Crawled caption data –
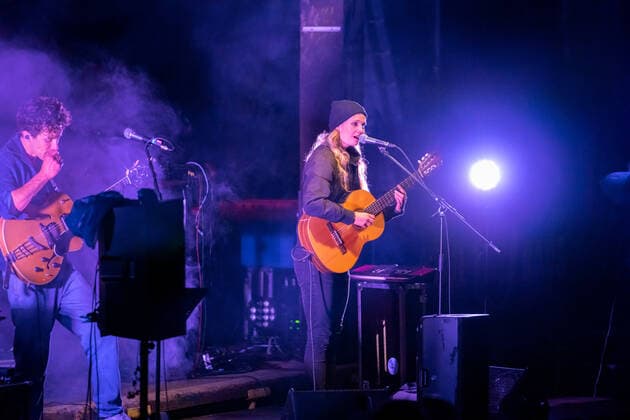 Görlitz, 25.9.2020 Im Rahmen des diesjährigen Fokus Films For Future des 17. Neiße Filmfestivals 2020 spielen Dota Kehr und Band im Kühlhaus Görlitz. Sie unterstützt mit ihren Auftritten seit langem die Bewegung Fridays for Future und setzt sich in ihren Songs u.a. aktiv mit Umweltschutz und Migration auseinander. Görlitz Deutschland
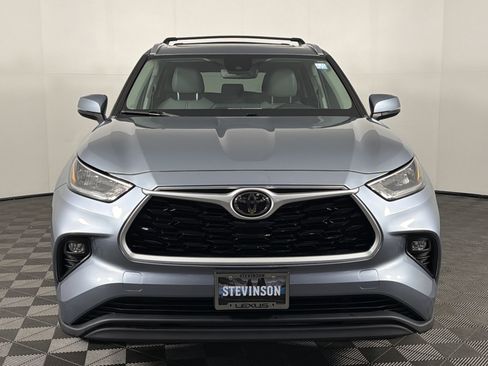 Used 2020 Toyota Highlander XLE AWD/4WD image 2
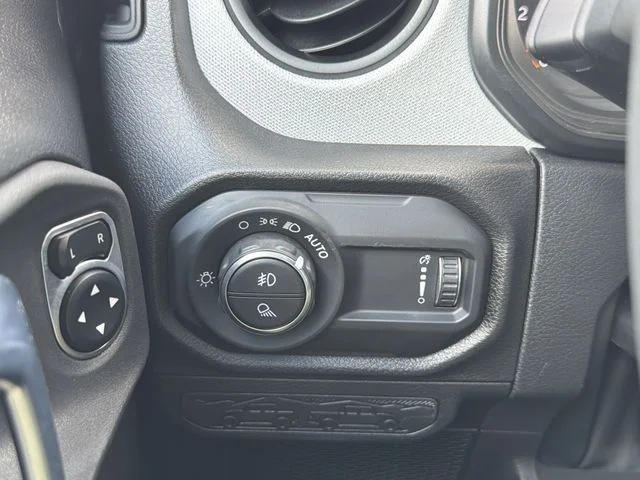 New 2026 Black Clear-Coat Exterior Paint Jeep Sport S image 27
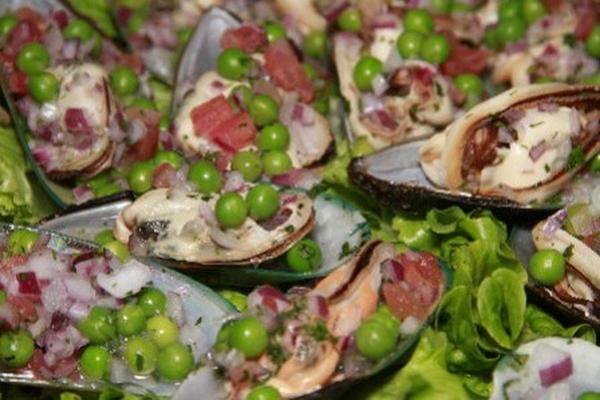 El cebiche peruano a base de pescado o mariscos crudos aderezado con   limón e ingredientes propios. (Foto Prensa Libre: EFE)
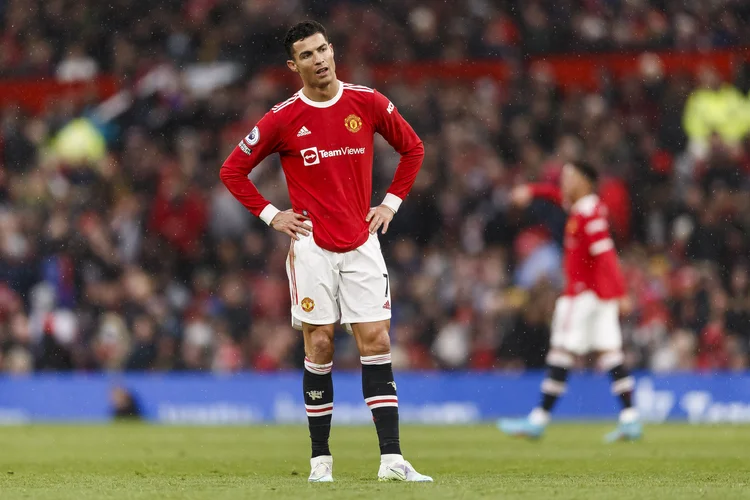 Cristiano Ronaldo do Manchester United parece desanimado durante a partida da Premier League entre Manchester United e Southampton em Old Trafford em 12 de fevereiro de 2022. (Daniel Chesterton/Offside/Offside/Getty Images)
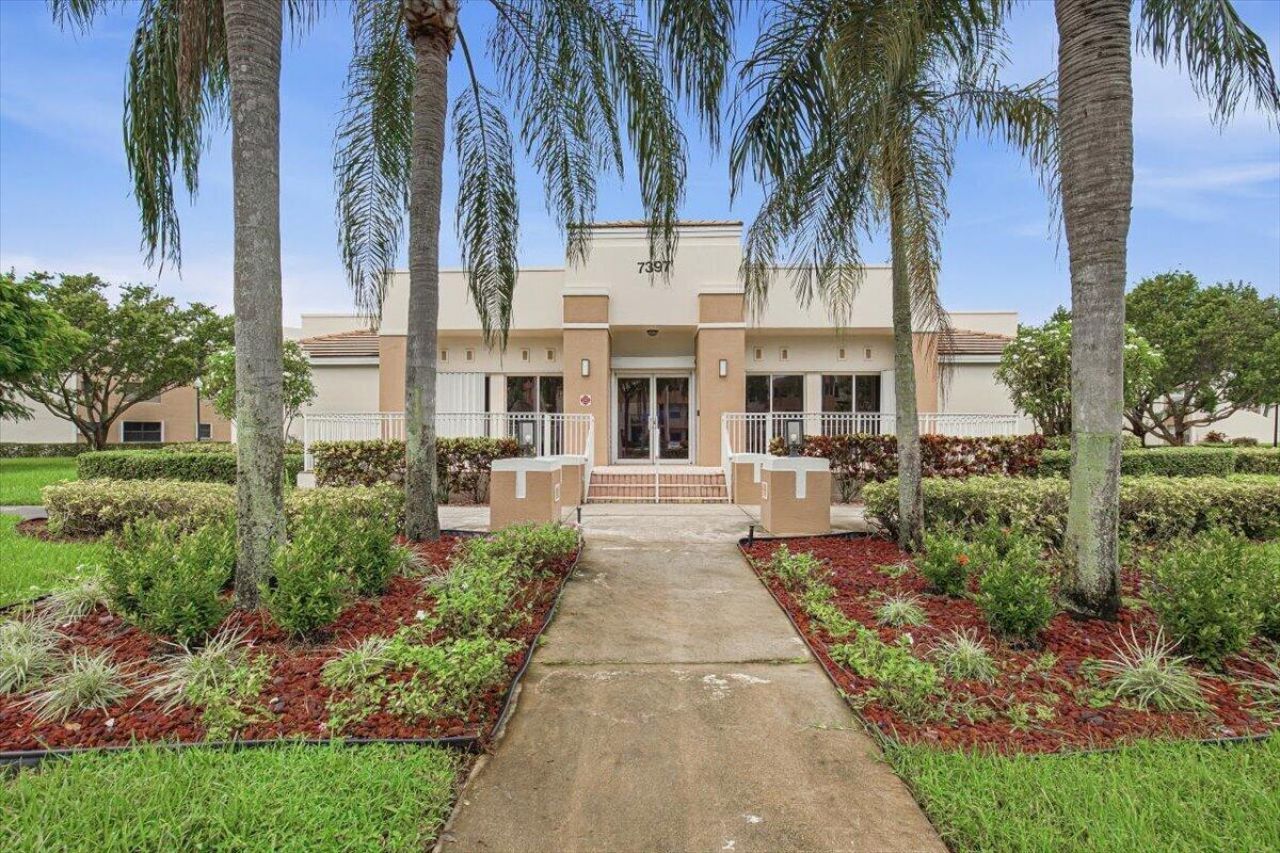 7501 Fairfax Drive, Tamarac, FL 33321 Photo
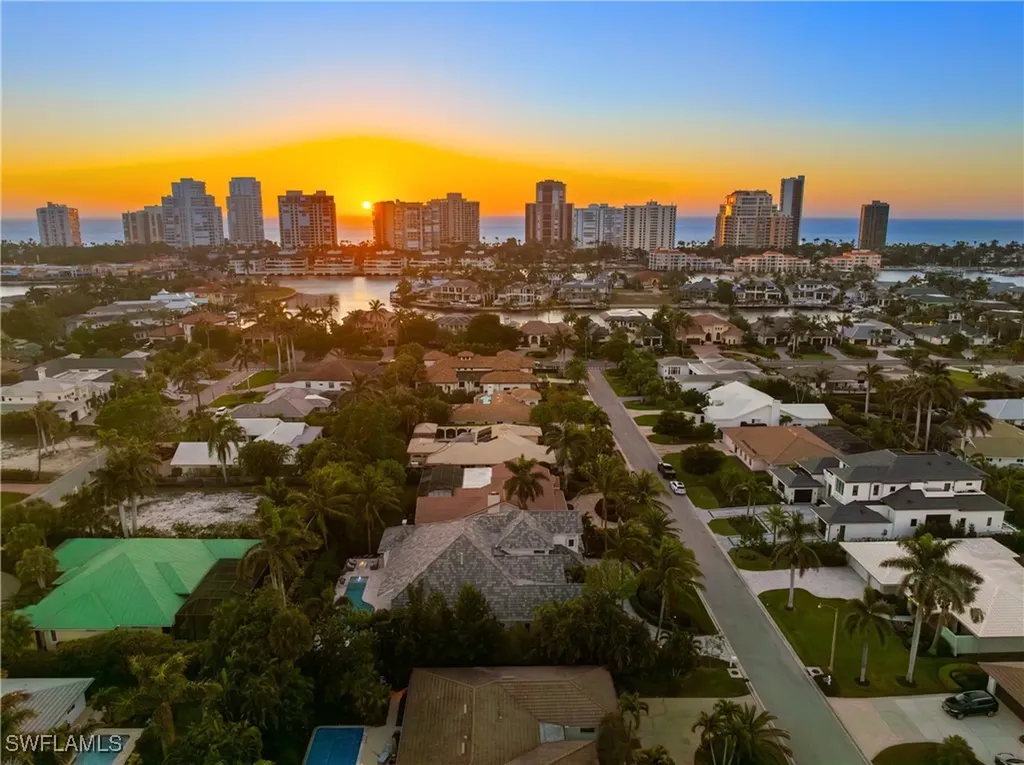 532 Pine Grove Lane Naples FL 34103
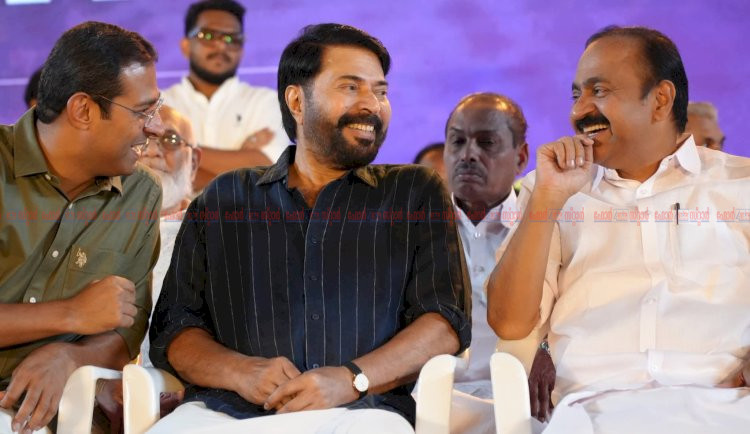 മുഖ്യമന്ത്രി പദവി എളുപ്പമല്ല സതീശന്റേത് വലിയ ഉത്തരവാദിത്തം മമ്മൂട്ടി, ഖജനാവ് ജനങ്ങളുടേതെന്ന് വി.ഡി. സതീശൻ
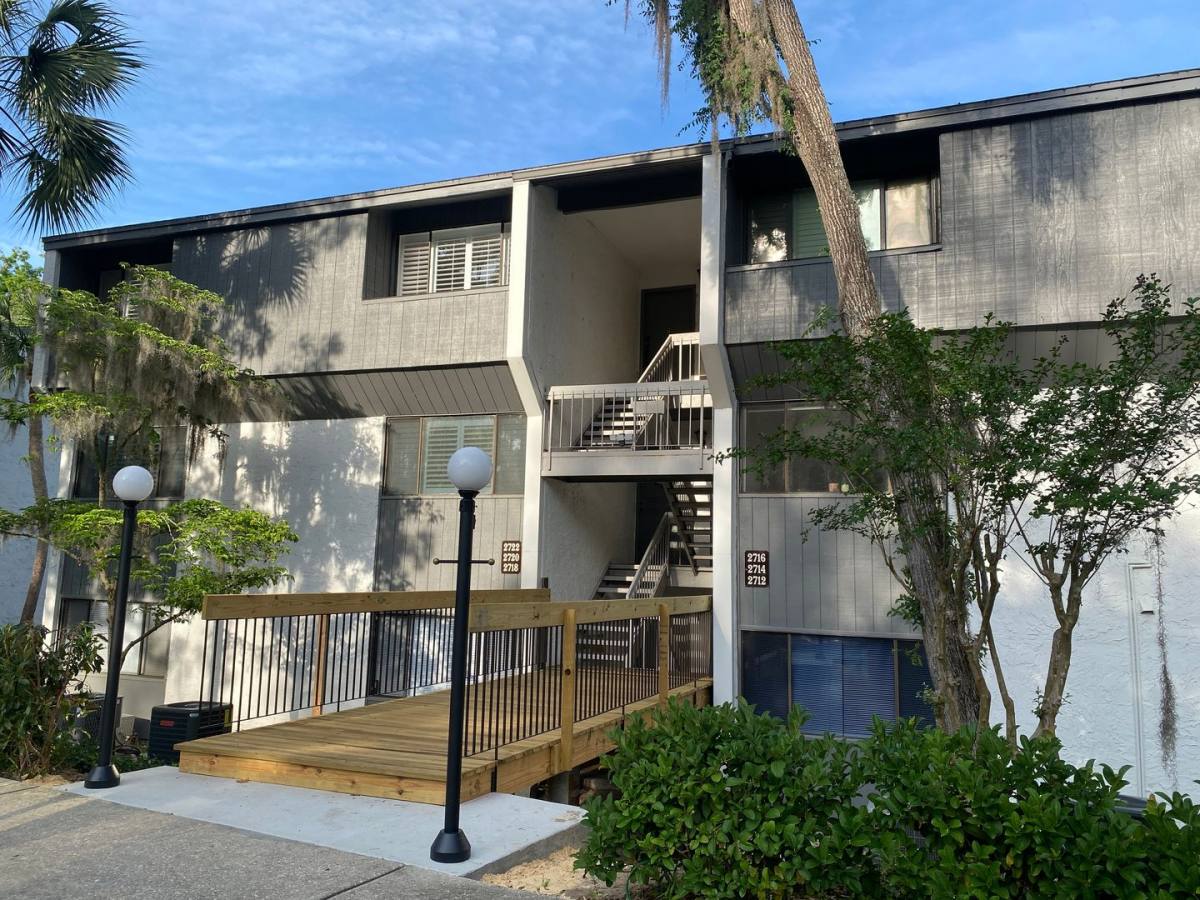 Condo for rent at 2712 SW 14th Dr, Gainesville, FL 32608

What to work on – The copy should match the records above exactly, except that pictures are dropped.

Answer below –
 Görlitz, 25.9.2020 Im Rahmen des diesjährigen Fokus Films For Future des 17. Neiße Filmfestivals 2020 spielen Dota Kehr und Band im Kühlhaus Görlitz. Sie unterstützt mit ihren Auftritten seit langem die Bewegung Fridays for Future und setzt sich in ihren Songs u.a. aktiv mit Umweltschutz und Migration auseinander. Görlitz Deutschland
 Used 2020 Toyota Highlander XLE AWD/4WD image 2
 New 2026 Black Clear-Coat Exterior Paint Jeep Sport S image 27
 El cebiche peruano a base de pescado o mariscos crudos aderezado con   limón e ingredientes propios. (Foto Prensa Libre: EFE)
 Cristiano Ronaldo do Manchester United parece desanimado durante a partida da Premier League entre Manchester United e Southampton em Old Trafford em 12 de fevereiro de 2022. (Daniel Chesterton/Offside/Offside/Getty Images)
 7501 Fairfax Drive, Tamarac, FL 33321 Photo
 532 Pine Grove Lane Naples FL 34103
 മുഖ്യമന്ത്രി പദവി എളുപ്പമല്ല സതീശന്റേത് വലിയ ഉത്തരവാദിത്തം മമ്മൂട്ടി, ഖജനാവ് ജനങ്ങളുടേതെന്ന് വി.ഡി. സതീശൻ
 Condo for rent at 2712 SW 14th Dr, Gainesville, FL 32608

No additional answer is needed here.